Orientata a questo scopo è anche la particolarità strutturale del romanzo, che alterna due punti di vista: il racconto in
prima persona dello scrittore senza nome e la storia in terza persona del
piccolo Nerofumo. Jason Mott spiega questa duplice prospettiva con il tentativo
di comunicare alcuni elementi di memoir,
legati alla sua stessa vita, ma anche di lasciar
spazio ad altre storie, o meglio alle storie di altri. Per lo stesso
motivo, anche la scelta di non dare nome
ai personaggi è voluta: i personaggi devono nascondersi dagli altri così
come si nasconde lo scrittore, l’autore, tutti i neri da questa realtà. In
alcune stesure precedenti lui aveva provato a dare un nome ai personaggi, ma
non funzionava, avrebbe voluto dire andare oltre quello che i personaggi dovevano
rappresentare.

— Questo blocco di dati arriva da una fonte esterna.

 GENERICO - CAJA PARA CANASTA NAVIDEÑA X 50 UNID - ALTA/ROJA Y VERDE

La sovrapposizione delle identità cui si faceva cenno prima è quindi
funzionale alla tematica della violenza razziale in America.
L’intento preciso della scrittura, commenta Mott, è quello
di non permettere mai al lettore di
comprendere di chi si sta parlando, perché ognuno dei personaggi si nasconde, questa è la loro dimensione, che
deve essere trasmessa al lettore e in cui il lettore si può riconoscere.
Tutti
i personaggi vivono esistenze separate, ma procedendo col romanzo si
sovrappongono, perché la violenza impatta su tutte le loro vite.
Connesso
a questo è il tema dell’invisibilità,
presentata sempre nella sua ambivalenza,
poiché può essere una maledizione, ma anche una forma di protezione, salvezza.

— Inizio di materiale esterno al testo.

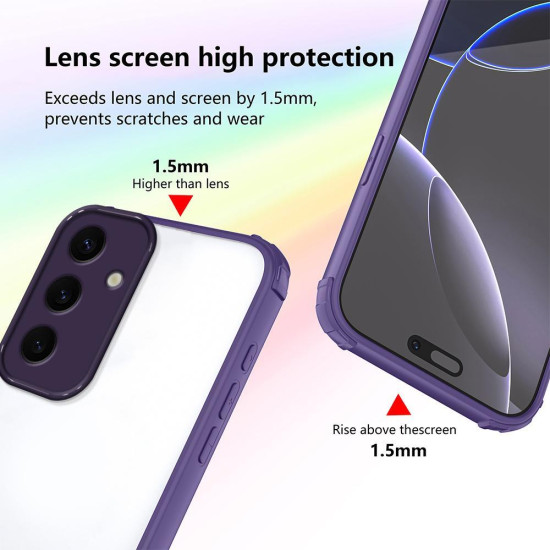For Samsung Galaxy S24+ 5G Four Corners Shield Shockproof TPU Hybrid PC Phone Case(Purple)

Mott risponde alla domanda che gli viene posta facendo riferimento alla sua
stessa esperienza. Da piccolo era un bambino che leggeva molto e per questo
spesso veniva bullizzato, e tante volte ha desiderato essere invisibile. Anche
molti genitori di bambini afroamericani dicono ai figli di cercare di non
emergere, di passare inosservati, per non correre rischi. Da un lato quindi c’è
un senso di sicurezza, ma dall’altro chi è invisibile perde la voce e la
possibilità di farsi sentire e rispettare. Ci sono pertanto aspetti positivi e
negativi, che devono essere bilanciati.
Ma che
cosa significa per lui essere un autore
nero negli Stati Uniti? Mott prova a rispondere a questa domanda tutti i
giorni, e cerca di farlo anche nel libro: racconta, lì, come a noi durante l’incontro,
la divisione costante tra il senso di
responsabilità di chi deve parlare per
conto di, farsi portatore di un messaggio che ci si aspetta da lui, e il
desiderio invece di fare altro, di dire altro. Il rischio, nota Mott, è di
scontentare tutti, ma anche se stessi. A livello personale, non si aspettava
certo che il libro ottenesse tanto successo. È sorpreso in particolare dal
fatto che Che razza di libro! sia
stato letto e apprezzato anche da lettori giovani. Quando l’ha scritto, lui non
pensava infatti a questi come primi destinatari, ma si è reso conto che questo scritto
è anche una lettera al se stesso giovane,
e quindi può essere che ci siano dei ragazzini di quell’età che possono
riconoscersi in alcuni personaggi o elementi narrativi.